Address offset Access Width Signal description
0x00 rw 11 bit Internal LEDs and external LED semaphore
0x04 ro 64 bit Runtime nanosecond counter
0x0C ro 64 bit Runtime microsecond counter
0x14 ro 64 bit Runtime millisecond counter
0x20 rw 4 bit Reset selected timer
0x24 rw 2 bit Set selected timer
0x28 ro 32 bit Selected timer interval (microseconds)
0x30 ro 1 bit UART0 receive ready
0x34 ro 1 bit UART0 transmit ready
0x38 ro 1 bit UART1 receive ready
0x3C ro 1 bit UART1 transmit ready
0x40 ro 8 bit UART0 receive byte
0x44 wo 8 bit UART0 transmit byte
0x48 ro 8 bit UART1 receive byte
0x4C wo 8 bit UART1 transmit byte
0x50 ro 13 bit External buttons and switches
0x54 rw 16 bit Hexadecimal 7 segment display output
0x58 rw 32 bit Custom 7-segment display output
0x5C rw 192 bit RGB LED matrix display framebuffer

External interrupts

The PicoRV32 CPU features an interrupt controller with 32 inputs. The first three inputs are reserved for internal sources. The following table lists IRQ inputs connected to the previously mentioned peripherals:

IRQ Interrupt source
4 TIMER0 interval elapsed
5 TIMER1 interval elapsed
6 TIMER2 interval elapsed
7 TIMER3 interval elapsed
8 UART byte received
9 UART byte transmitted
30 GPIO button interaction event
31 GPIO switch interaction event

Bootloader

Bootloader is the execution entrypoint upon a microcontroller reset. It is compatible with the STK500 protocol used by Arduino UNO, allowing it to be flashed using avrdude programmer.
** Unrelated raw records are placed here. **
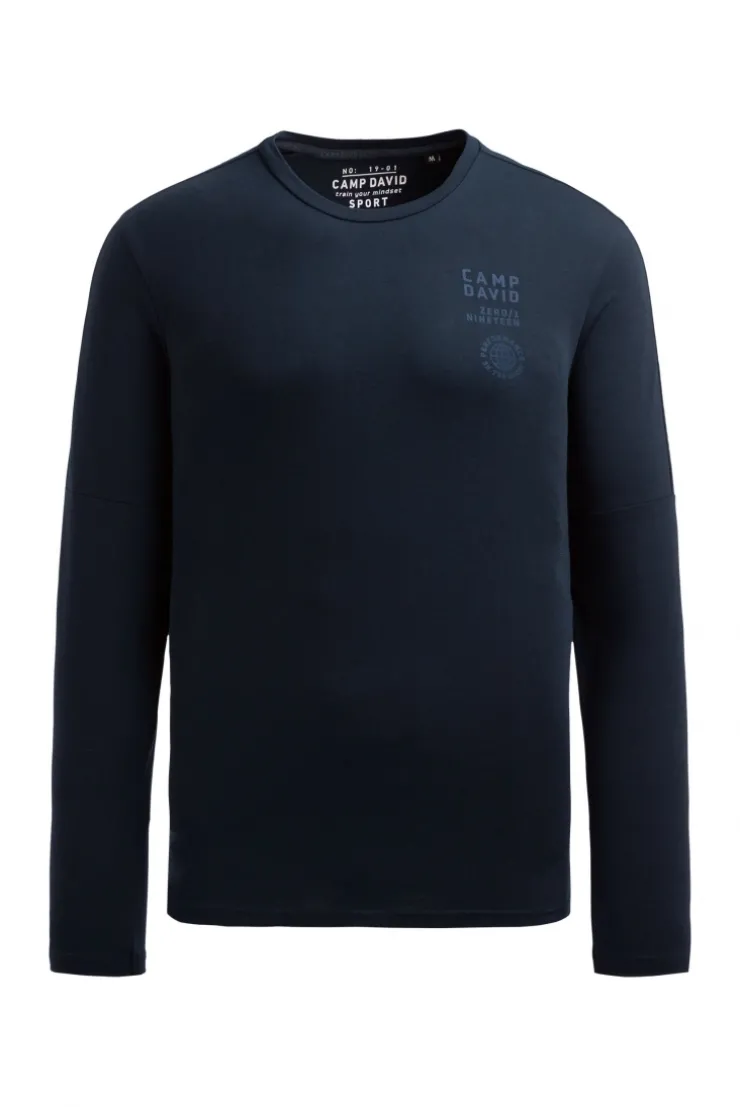 Longsleeve mit reflektierendem Schulter-Artwork blue navy | 4XL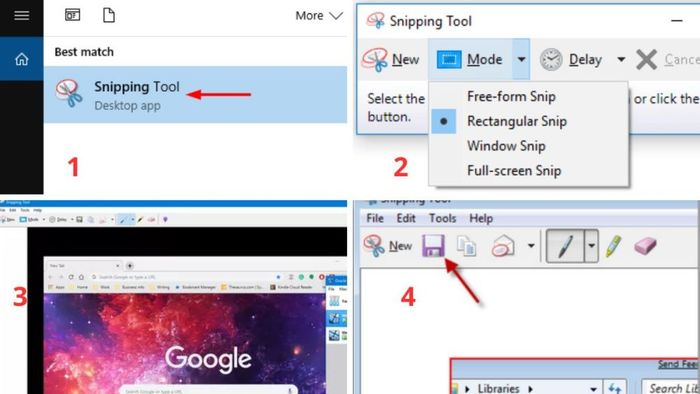 Cách chụp màn hình nhanh với Snipping Tool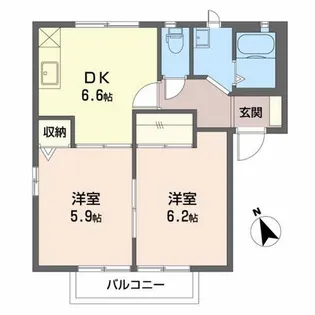ディアス瓜田B【2階】の間取り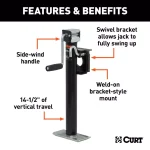 CURT Bracket-Mount Swivel Trailer Jack with Side Handle, 2,000 lbs. Capacity, 15 in. Travel thumbnail 2
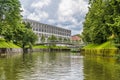 A view along the Ljubljanica River towards the Grain bridge in Ljubljana Royalty Free Stock Photo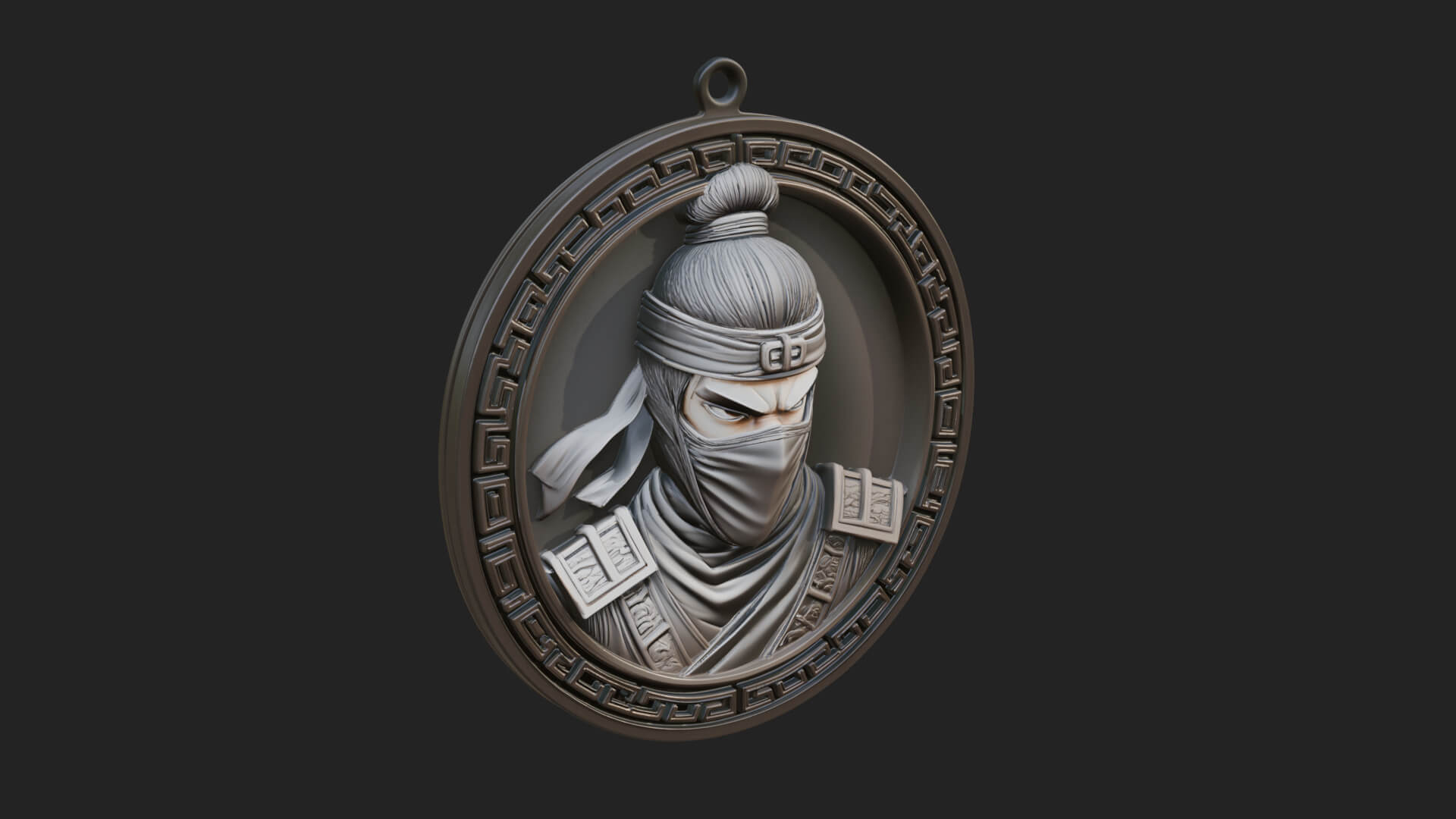 Masked Ninja Oval Relief Plaque Design 3 3D Print Model 3D Model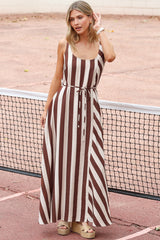 Elianna Maxi Dress - Scoop Neck A Line Dress with Waist Tie in Raiden Stripe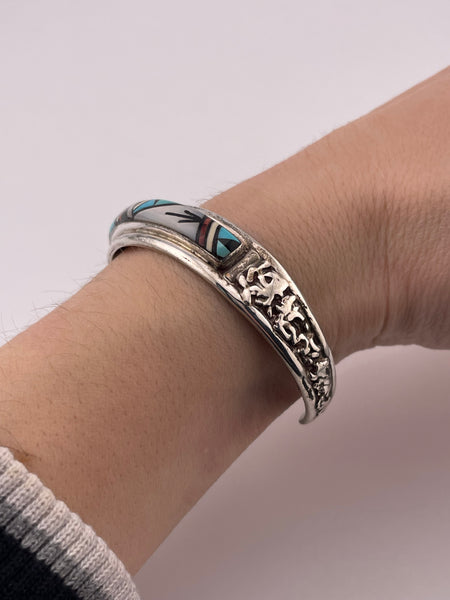 sterling silver multi-stone inlay cuff bracelet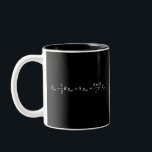 Einstein-Feldgleichung der allgemeinen Relativität Zweifarbige Tasse<br><div class="desc">die beste Beschreibung der Schwerkraft,  erstellt von Albert Einstein unter Verwendung von 4-dimensionaler Raumzeit,  um die Bewegung von Objekten zu beschreiben</div>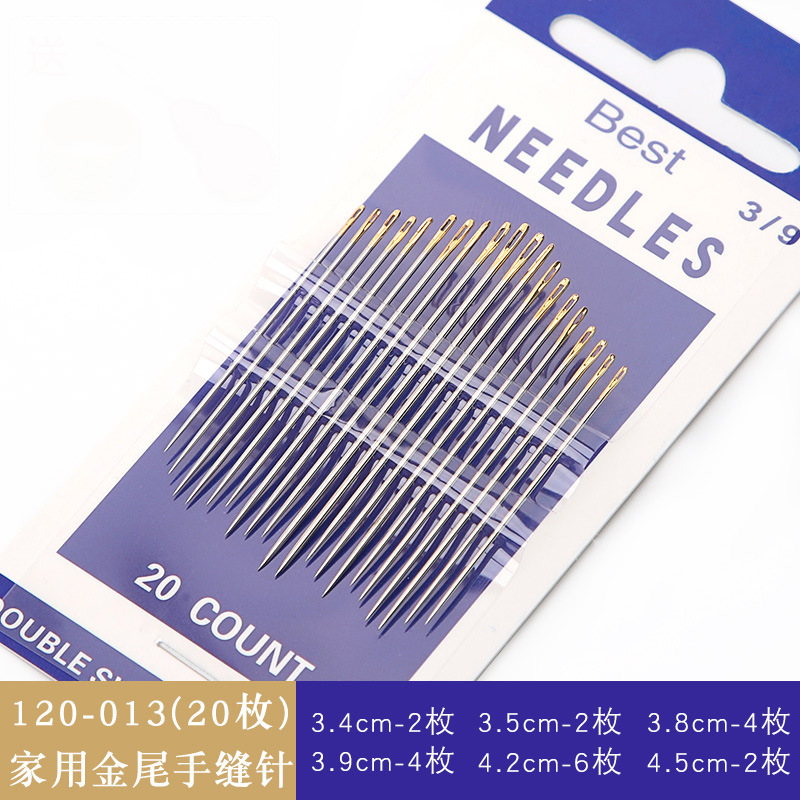Agujas de coser a mano azules al por mayor del fabricante, agujas de bordado de punto de cruz hechas a mano con puntas doradas, agujas de coser domésticas para ropa, varios tamaños, agujas de ojo grande.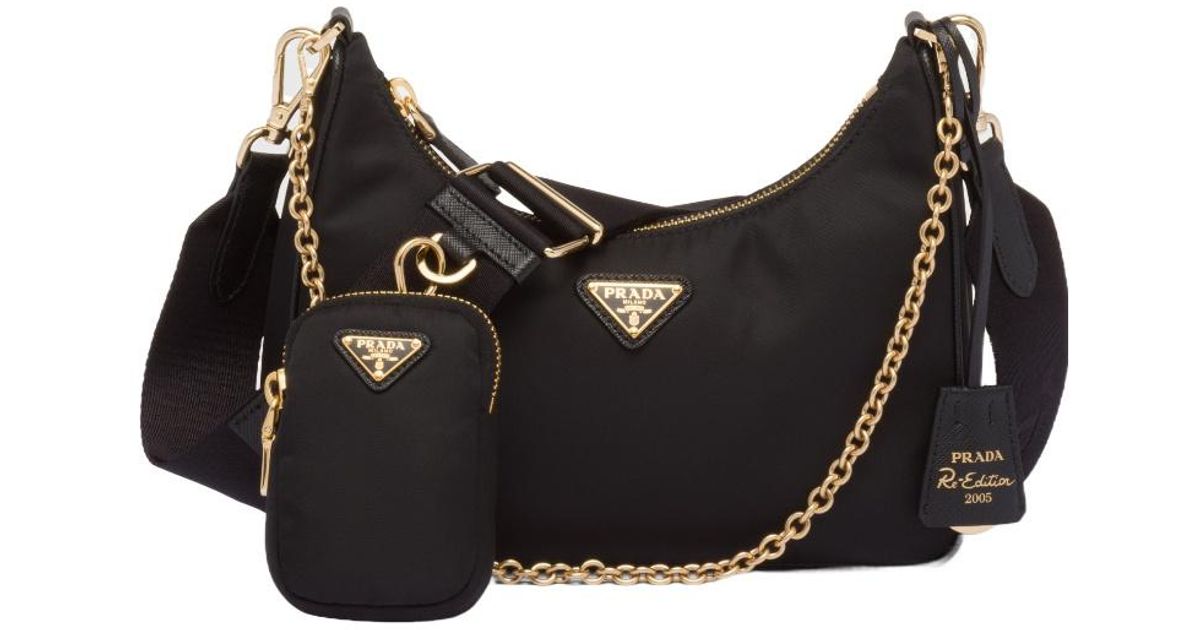 Prada R Prada Re-Edition 2005 Re-Nylon Bag in Black | Lyst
The bootloader waits for 250 ms after starting, and if no new firmware is being flashed, it jumps to the firmware located in BRAM. It can also be triggered by a UART1 DTR request, eliminating the need for manual intervention.

Note

The microcontroller does not store firmware in non-volatile memory, so it is lost on power loss. Statically initialized variables are also not restored to their original values on a microcontroller reset.

Firmware

The firmware comes bundled with Newlib libc and an extensible hardware abstraction library for peripherals described earlier. Similar to Arduino, the code entrypoint is a setup() function, followed by a loop() function. Available HAL functionality can be found in the headers directory.

Examples

Code examples for the most common use cases are available in examples directory:

  1. Blink LED
  2. Seven-segment display hexadecimal output
  3. Seven-segment display individual segment control
  4. LED control using buttons and switches
  5. Graphics rendering on RGB LED matrix
  6. Communication over UART
  7. Button state processing using interrupts
  8. Wall clock using timers
  9. Concurrent thread execution with context switching

Development environment

To set up development environment on Linux, download Quartus Prime 23.1 (or newer), a native C compiler, GNU Coreutils, Python, and cURL. After that, run the following commands in the repository directory:

cd ./common/tools/
make
cd ../../firmware/lib/
make

These commands will prepare the platform develompent tools and libraries.

Next, compile the bootloader and generate the BROM image:

cd ../../bootloader/
make

After this, compile the FPGA design in Quartus Prime and flash it onto the board. The compiled bootloader image will be read during synthesis.

Finally, to build and upload firmware onto the microcontroller, run:

cd ../firmware/
make
make upload

Ensure that the board's UART0 serial port path matches the one on your system.

Output of printf() statements sent to the UART1 can be accessed via Arduino CLI Serial Monitor or a similar tool:

arduino-cli monitor --timestamp --config baudrate=2000000 -p /dev/ttyUSB1

To edit the firmware source code, add or modify files in firmware's source directory.